Musings of a forgetful functor: The R apply function

Saturday, July 2, 2011

The R apply function – a tutorial with examples

Today I had one of those special moments that is uniquely associated with R. One of my colleagues was trying to solve what I term an 'Excel problem'. That is, one where the problem magically disappears once a programming language is employed. Put simply, the problem was to take a range, and randomly shift the elements of the list in order. For example, 12345 could become 34512 or 51234.

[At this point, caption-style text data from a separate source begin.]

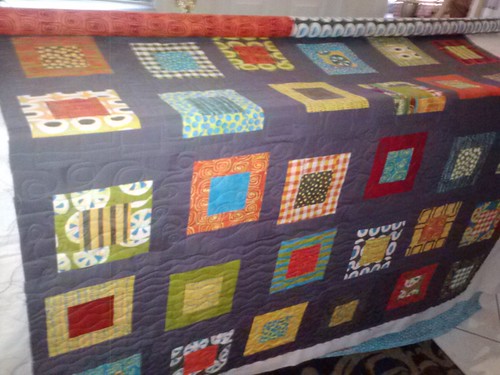 pop of color quilt is finally quilted!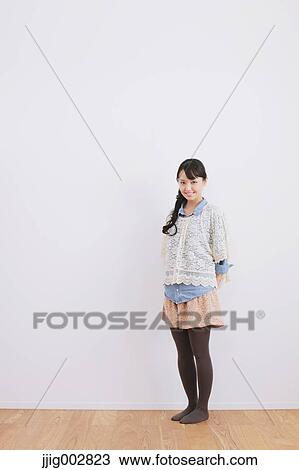Stock Image - Young adult woman leaning against a white wall and smiling at camera. Fotosearch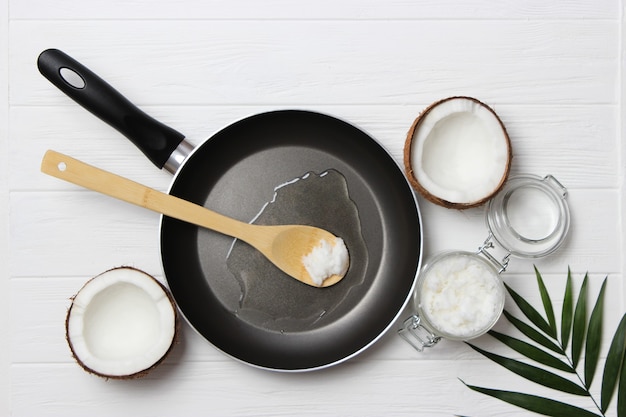 Coconut oil and a frying pan on a wooden table closeup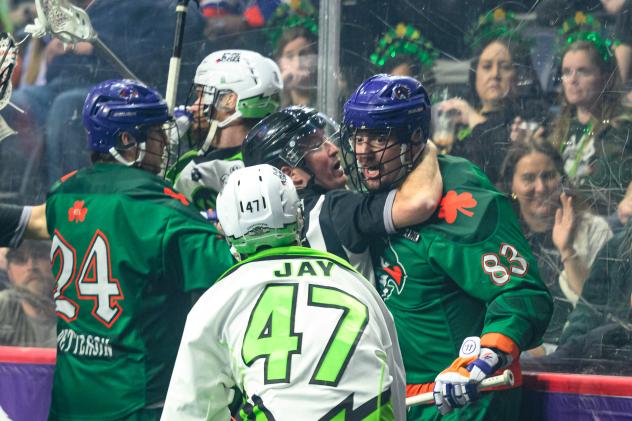 Saskatchewan Rush' Adam Jay and Halifax Thunderbirds' Clarke Petterson and Randy Staats on game night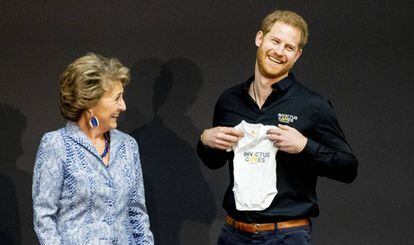 El príncipe Enrique, al lado de la princesa Margarita de Holanda, con el 'body' que recibió para su hijo en La Haya.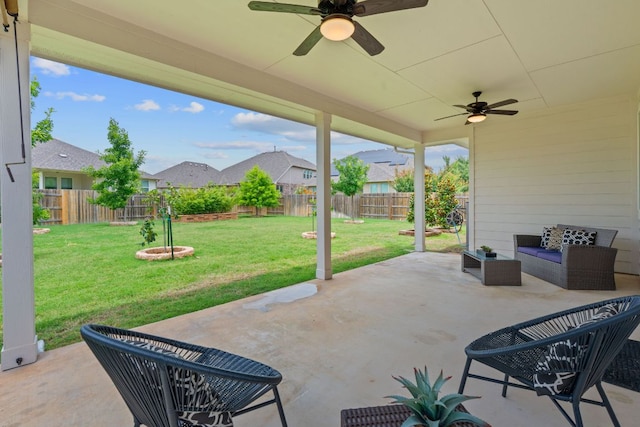 4409 Arques Ave, Round Rock, TX 78681 - fenced backyard featuring ceiling fan, a patio, and a residential view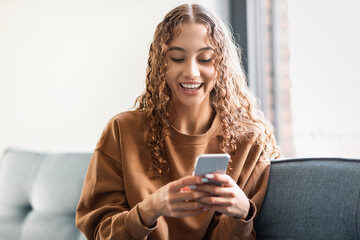 Happy zoomer girl smiling while texting on her phone indoors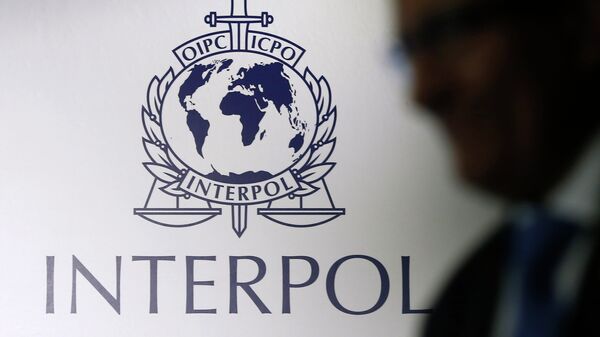 A man passes an Interpol logo during the handing over ceremony of the new premises for Interpol's Global Complex for Innovation, a research and development facility, in Singapore September 30, 2014 - Sputnik Afrique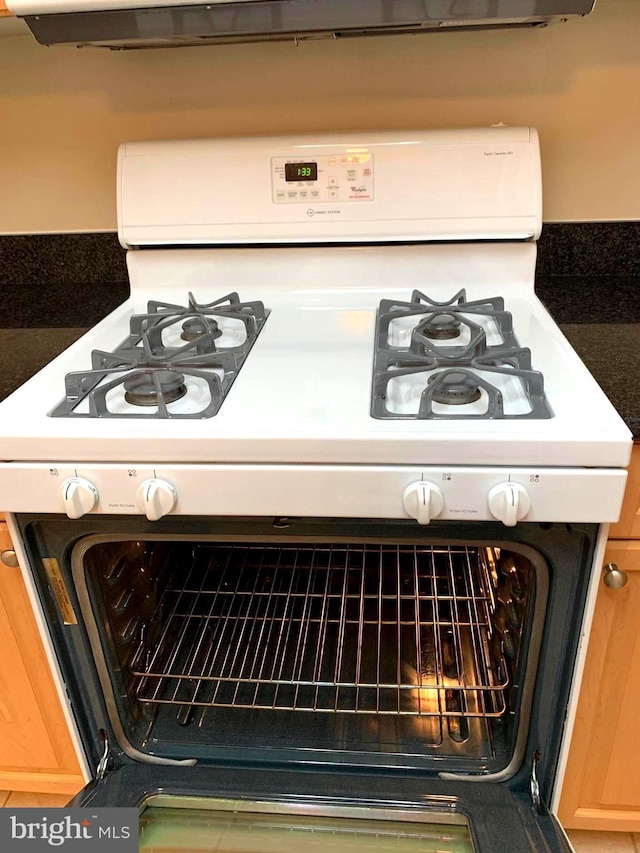 details with gas range gas stove and light brown cabinets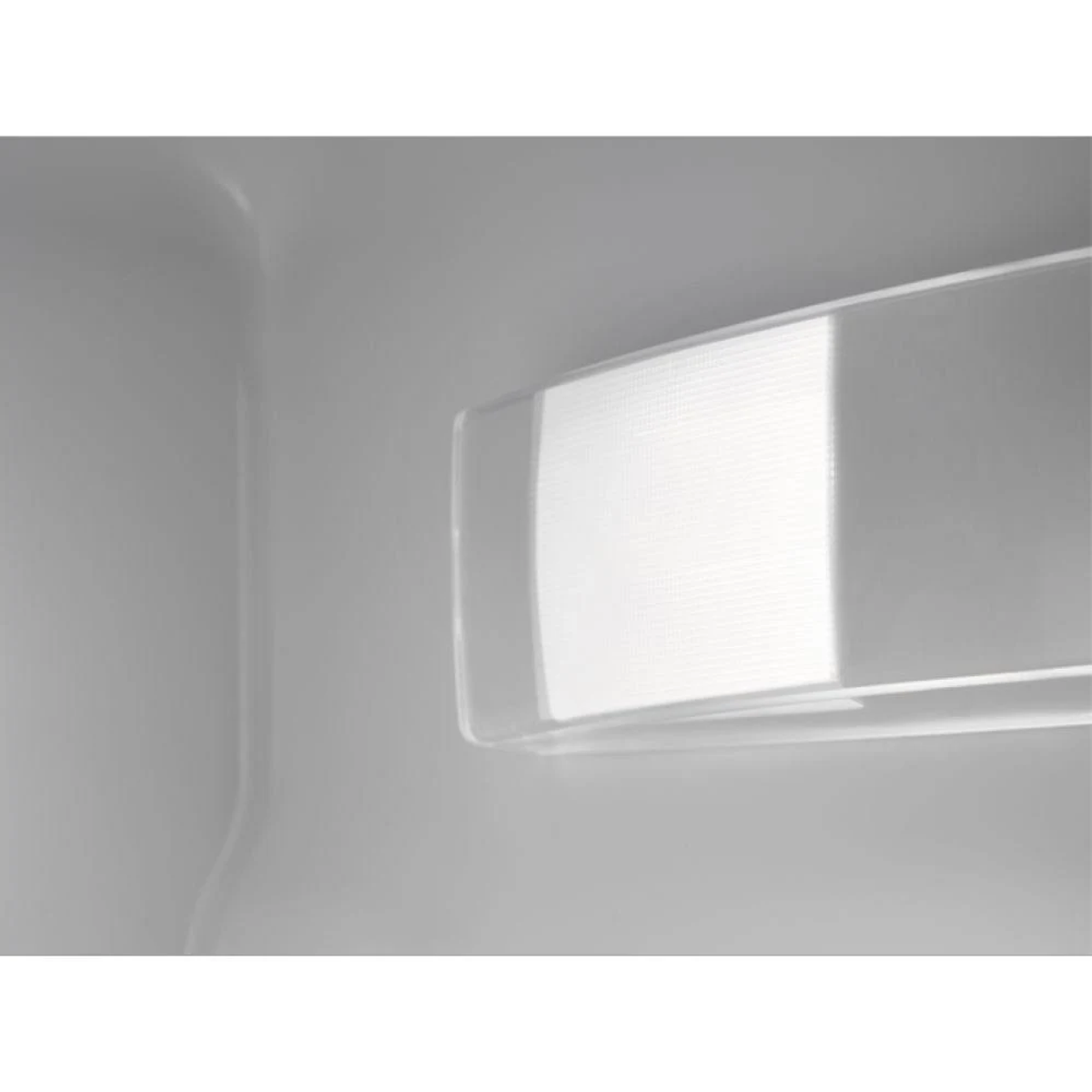 Primo piano di una sorgente luminosa brillante all'interno di un elettrodomestico bianco, forse un frigorifero.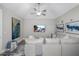 Living room with comfortable sofa, vaulted ceilings, ceiling fan, and mounted television at 17466 Nokota Ave, Hudson, FL 34667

The list in question had forty-thousand elements, and this process needed to be repeated numerous times as part of a simulation. Try doing this in Excel and you will go insane: the shift function is doable but resource intensive. After ten minutes of waiting for your VBA script to run you will be begging for mercy or access to a supercomputer. However, in R the same can be achieved with the function:

translate<-function(x){
  if (length(x)!=1){
    r<-sample(1:(length(x)),1)
    x<-append(x[r:length(x)],x[1:r-1])
  }
  return(x)

My colleague ran this function against his results several thousand times and had the pleasure of seeing his results spit out in less than thirty seconds: problem solved. Ain't R grand.

More R magic courtesy of the apply function

The translate function above is not rocket science, but it does demonstrate how powerful a few lines of R can be. This is best exemplified by the incredible functionality offered by the apply function. However, I have noticed that this tool is often under-utilised by less experienced R users.

The usage from the R Documenation is as follows:

apply(X, MARGIN, FUN, ...)

where:

X is an array or matrix;
MARGIN is a variable that determines whether the function is applied over rows (MARGIN=1), columns (MARGIN=2), or both (MARGIN=c(1,2));
FUN is the function to be applied.

In essence, the apply function allows us to make entry-by-entry changes to data frames and matrices. If MARGIN=1, the function accepts each row of X as a vector argument, and returns a vector of the results. Similarly, if MARGIN=2 the function acts on the columns of X. Most impressively, when MARGIN=c(1,2) the function is applied to every entry of X. As for the FUN argument, this can be anything from a standard R function, such as sum or mean, to a custom function like translate above.

An illustrative example
Consider the code below:

# Create the matrix
m<-matrix(c(seq(from=-98,to=100,by=2)),nrow=10,ncol=10)

# Return the product of each of the rows
apply(m,1,prod)

# Return the sum of each of the columns
apply(m,2,sum)

# Return a new matrix whose entries are those of 'm' modulo 10
apply(m,c(1,2),function(x) x%%10)

In the last example, we apply a custom function to every entry of the matrix. Without this functionality, we would be at something of a disadvantage using R versus that old stalwart of the analyst: Excel. But with the apply function we can edit every entry of a data frame with a single line command. No autofilling, no wasted CPU cycles.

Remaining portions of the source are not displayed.